Distributed Indexing

Warning

Lance exposes public APIs that can be integrated into an external distributed index build workflow, but Lance itself does not provide a full distributed scheduler or end-to-end orchestration layer.

This page describes the current model, terminology, and execution flow so that callers can integrate these APIs correctly.

Overview

Distributed index build in Lance follows the same high-level pattern as distributed write:

  1. multiple workers build index data in parallel
  2. the caller invokes Lance segment build APIs for one distributed build
  3. Lance plans and builds index artifacts from the worker outputs supplied by the caller
  4. the built artifacts are committed into the dataset manifest

For vector indices, the worker outputs are segments stored directly under indices/<segment_uuid>/. Lance can turn these outputs into one or more physical segments and then commit them as one logical index.

Distributed Vector Segment Build

Terminology

This guide uses the following terms consistently:

  • Segment: one worker output written by execute_uncommitted() under indices/<segment_uuid>/
  • Physical segment: one index segment that is ready to be committed into the manifest
  • Logical index: the user-visible index identified by name; a logical index may contain one or more physical segments

For example, a distributed vector build may create a layout like:

indices/<segment_uuid_0>/
├── index.idx
└── auxiliary.idx

indices/<segment_uuid_1>/
├── index.idx
└── auxiliary.idx

indices/<segment_uuid_2>/
├── index.idx
└── auxiliary.idx

After segment build, Lance produces one or more segment directories:

indices/<physical_segment_uuid_0>/
├── index.idx
└── auxiliary.idx

indices/<physical_segment_uuid_1>/
├── index.idx
└── auxiliary.idx

These physical segments are then committed together as one logical index.
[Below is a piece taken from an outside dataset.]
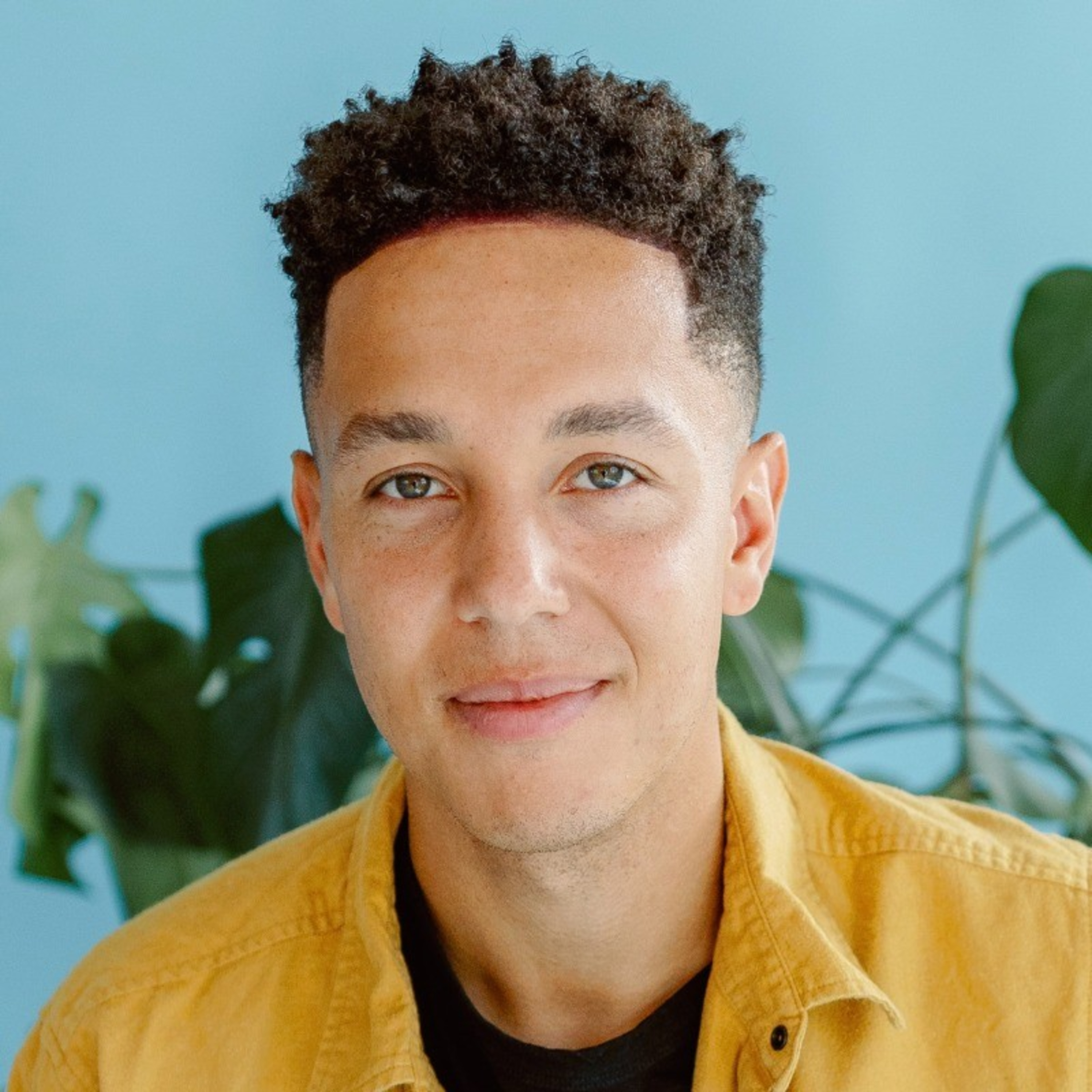 The MikeyG Podcast Experience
In the common no-merge case, the input segments are already the physical segments and build_all() returns them unchanged.

Roles

There are two parties involved in distributed indexing:

  • Workers build segments
  • The caller launches workers, chooses how those segments should be turned into physical segments, provides any additional inputs requested by the segment build APIs, and commits the final result

Lance does not provide a distributed scheduler. The caller is responsible for launching workers and driving the overall workflow.

Current Model

The current model for distributed vector indexing has two layers of parallelism.

Worker Build

First, multiple workers build segments in parallel:

  1. on each worker, call a shard-build API such as create_index_builder(...).fragments(...).execute_uncommitted() or Python create_index_uncommitted(..., fragment_ids=...)
  2. each worker writes one segment under indices/<segment_uuid>/

Segment Merge

Then the caller decides whether those existing segments should be committed as-is or merged into larger segments:

  1. keep the worker outputs as-is and commit them directly with commit_existing_index_segments(...), or
  2. group one or more existing segments and call merge_existing_index_segments(...) for each caller-defined group
  3. commit the final segment list with commit_existing_index_segments(...)
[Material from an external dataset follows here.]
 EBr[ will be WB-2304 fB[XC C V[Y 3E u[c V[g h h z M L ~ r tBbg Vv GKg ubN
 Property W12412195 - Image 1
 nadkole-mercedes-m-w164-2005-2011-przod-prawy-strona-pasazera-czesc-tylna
Within a single commit, built segments must have disjoint fragment coverage.

Internal Finalize Model

Internally, Lance models distributed vector segment build as:

  1. build one uncommitted segment per worker
  2. optionally merge caller-defined groups of existing segments
  3. commit the resulting segments as one logical index

The merge step is driven directly by the IndexMetadata returned from execute_uncommitted().
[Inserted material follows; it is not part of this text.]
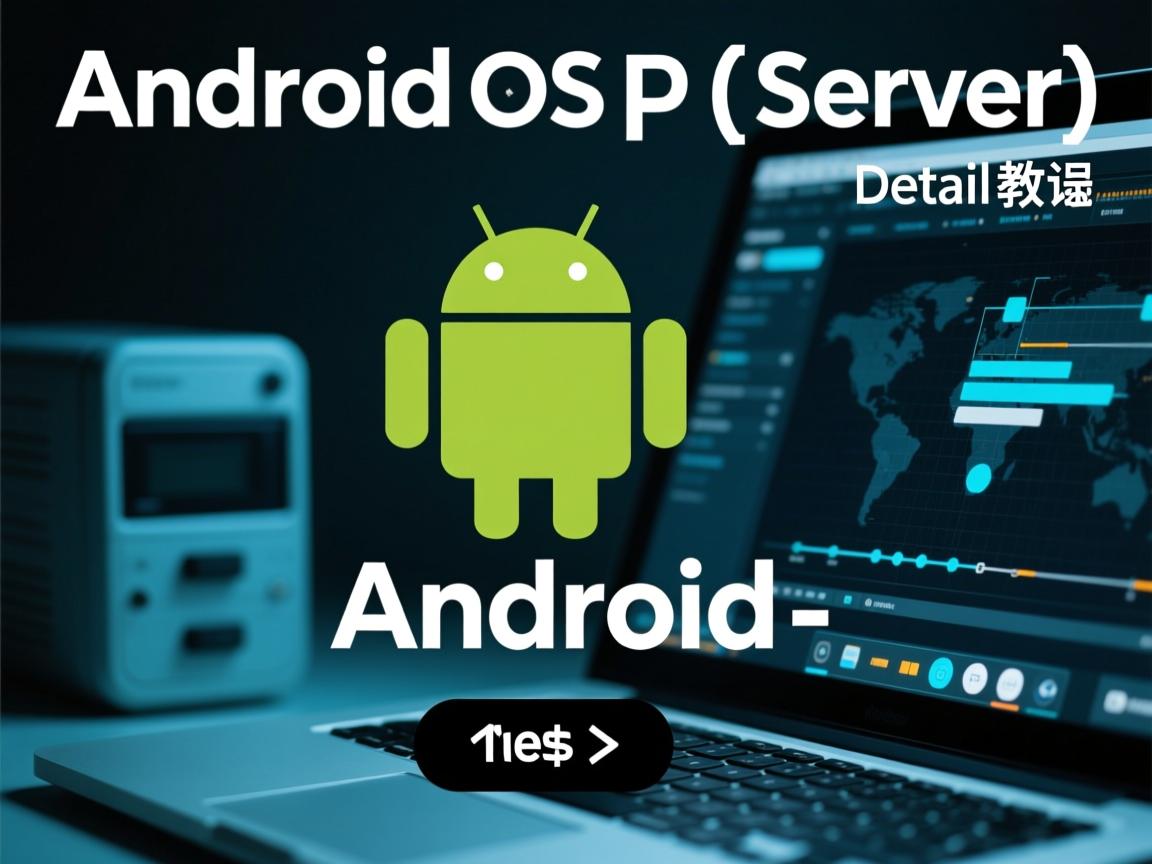 怎么开发Android/iOS应用服务器?详细教程  第2张 怎么开发Android/iOS应用服务器?详细教程  第2张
This is intentionally a storage-level model:

  • segments are worker outputs that are not yet published
  • physical segments are durable artifacts referenced by the manifest
  • the logical index identity is attached only at commit time

Segment Grouping

The caller chooses the final segment grouping:

  • keep segment boundaries, so each worker output is committed directly
  • merge multiple existing segments into a larger segment before commit

The grouping decision is separate from worker build. Workers only build segments; Lance applies the segment build policy when it plans physical segments.

Responsibility Boundaries

The caller is expected to know:

  • which distributed build is ready for segment build
  • the segment metadata returned by worker builds
  • how the resulting physical segments should be published

Lance is responsible for:

  • writing segment artifacts
  • planning physical segments from the supplied segment set
  • merging segment storage into physical segment artifacts
  • committing physical segments into the manifest

If a staging root or built segment directory is never committed, it remains an unreferenced index directory under _indices/. These artifacts are cleaned up by cleanup_old_versions(...) using the same age-based rules as other unreferenced index files.

This split keeps distributed scheduling outside the storage engine while still letting Lance own the on-disk index format.